In a related development, the National Broadcasting and Telecommunication Commission will meet with representatives of ThaiRath TV, Nation TV, Springnews and TNN24 at the Century Hotel tomorrow afternoon to seek an explanation about their constant broadcast of Wanchai’s stand-off with police.
Hours into the live coverage, the NBTC ordered all TV channels to stop broadcasting the stand-off on grounds that the incident was violent in nature. 
Dr Burin Suraaroonsamrit, of the Mental Health Department Bureau |of Mental Health Service Administration, said Wanchai may have been under immense cumulative stress to kill his co-workers. 
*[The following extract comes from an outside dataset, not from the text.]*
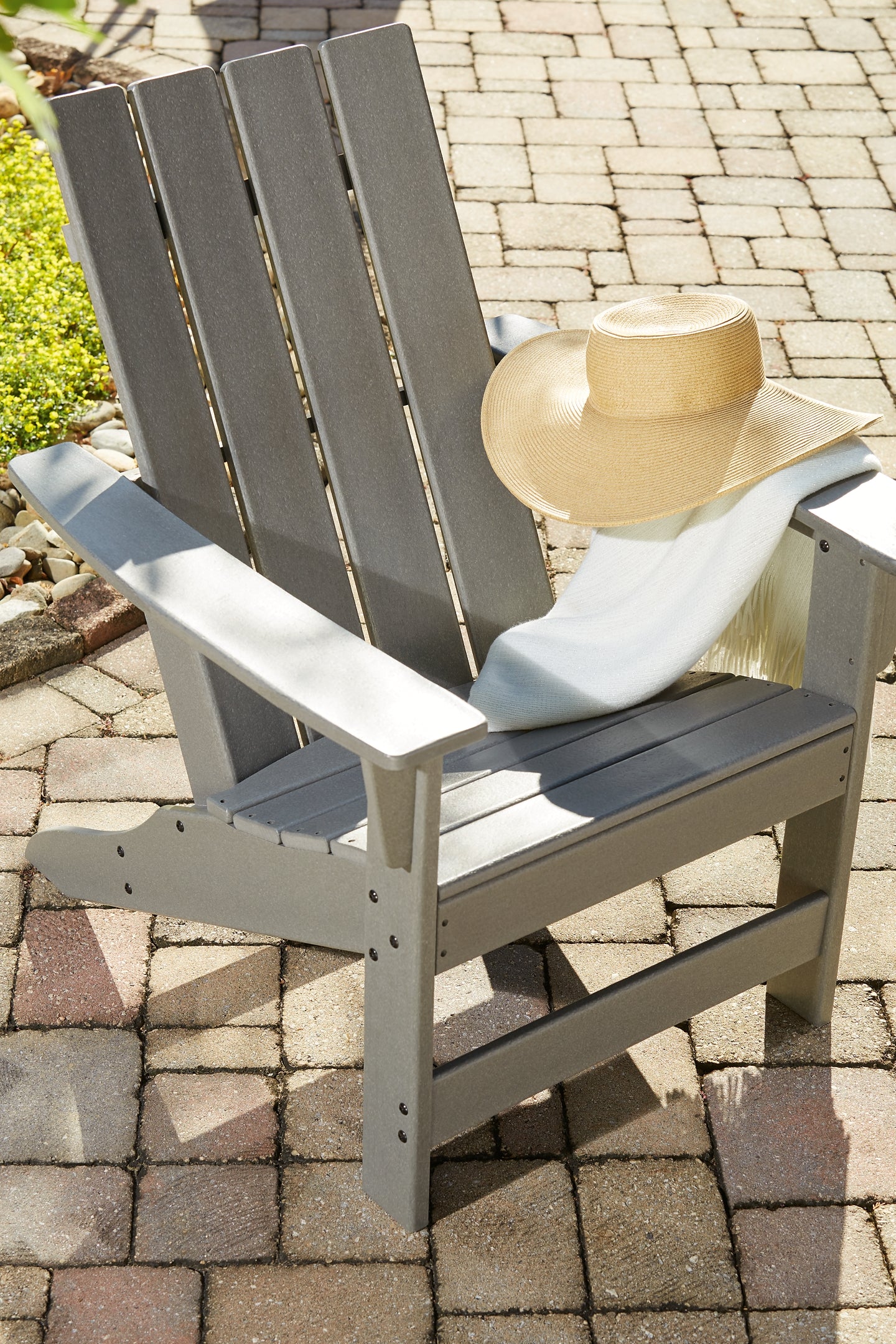 Visola Outdoor Chair with End Table Signature Design by Ashley®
There may have been warning signs prior to his acts, he said, with remarks such as “I don’t want to live anymore” or “I feel despair”, but people may not have taken them seriously. 
He said the office would soon send a psychologist team to talk with Wanchai’s relatives, as there could be a copycat behaviour which, without a solution being found, could stem from stress that was heredity or cumulative. 
Burin cited a department study that found working-aged people were most at risk of suicide due to stress while teenagers, due to their life inexperience and lack of life skills, were most likely to copy behaviour. 
From 2014-15, Thailand’s suicide rate was 6.08 per 100,000 people but it might rise this year based on the higher number of people with suicidal urges seeking advice on the 1323 and 1667 hotlines.